The Story
Why it exists.
The beginning
Musk Al-Lail arrived in 2024 as the house's statement on what a musk fragrance can say when it isn't trying to shout. The name translates to 'Musk of the Night', an intentional choice. This is a fragrance built for the hours when the day stops asking things of you. Perfumer Ibraheem Al.Qurashi worked with a straightforward premise: start clean, end warm, stay close. The composition reflects the brand's broader philosophy of honoring Arabian perfumery traditions while making them relevant to someone wearing them now.
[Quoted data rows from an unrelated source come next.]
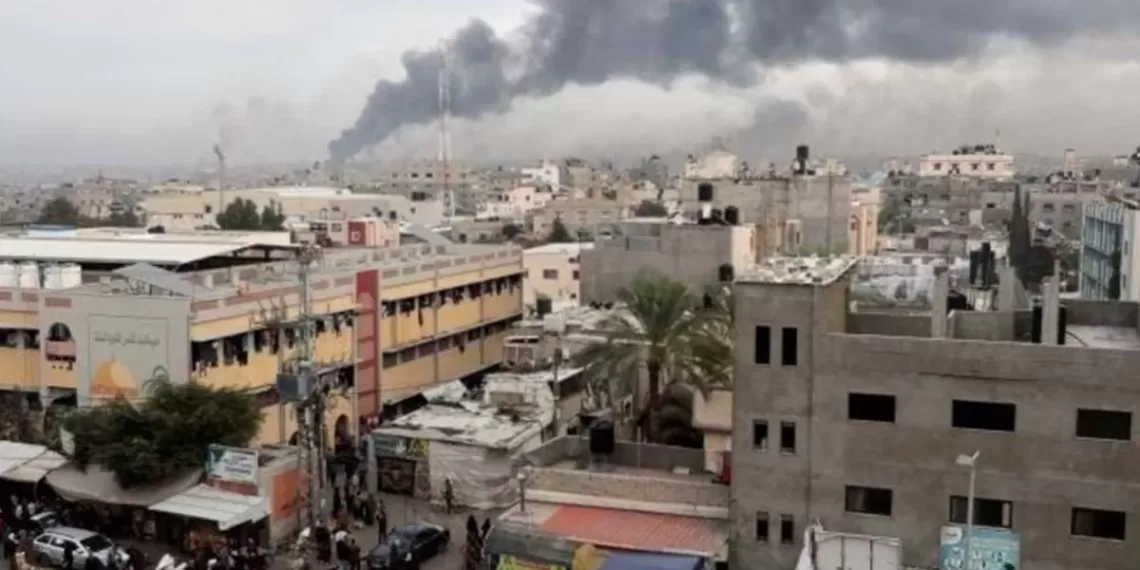Austrália, Canadá e Nova Zelândia se afastam dos EUA e apelam a cessar-fogo em Gaza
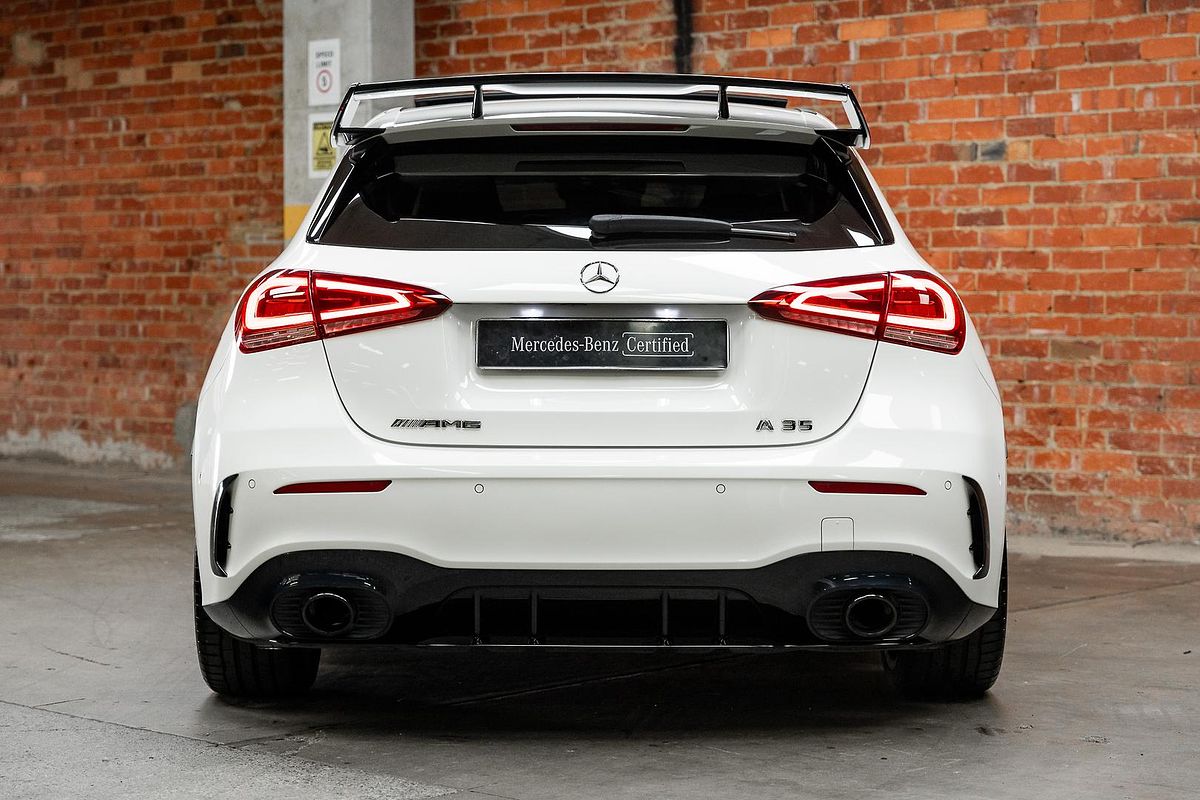 2020 Mercedes-Benz A-Class A35 AMG W177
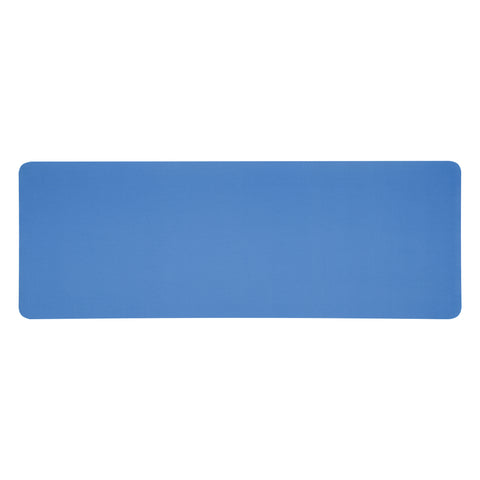 Two-tone Double Layer Yoga Mat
The lavender-musk pairing is unusual for this house, which typically leans into oud, tobacco, and incense. Here, lavender brings an aromatic brightness that reads as morning, while the musk underneath grounds it immediately. The myrrh heart is where the night actually begins, resinous, contemplative, almost medicinal in its depth. What follows in the drydown is where Musk Al-Lail earns its name: tonka bean and vanilla create a sweetness that doesn't announce itself, and the almond adds a subtle gourmand edge that makes the base feel edible without being literal.
The evolution
Musk Al-Lail opens with lavender leading, bright, herbaceous, almost soapy in the best way. The musk underneath is clean and animal-free, keeping things airy. Around the 15-minute mark, the myrrh enters. It doesn't replace the lavender so much as darken it, like a room where someone just turned down the lights. The transition isn't dramatic. It's quiet. The heart holds for two to three hours, and this is where the fragrance earns its name, myrrh and musk together create something that smells like warm skin in low light. The base arrives gradually. Vanilla first, then tonka bean's coumarin sweetness, then the almond rounding everything into something soft and almost edible. By the fourth hour, you're wearing something that smells like skin, but better. The sillage stays moderate throughout, this is not a fragrance that fills a room. It stays close. That's the point.
Cultural impact
Musk Al-Lail enters a crowded space within Arabian perfumery where amber-vanilla compositions are common, but it differentiates itself through the lavender opening and the myrrh heart, a quieter combination that reads as intentional rather than safe. The fragrance speaks to wearers who want warmth without excess, evening versatility without formal commitment. Within the house's portfolio, it occupies a softer position than the tobacco and oud releases, suggesting the brand is expanding its audience toward those who want familiarity in their scent without repetition of it.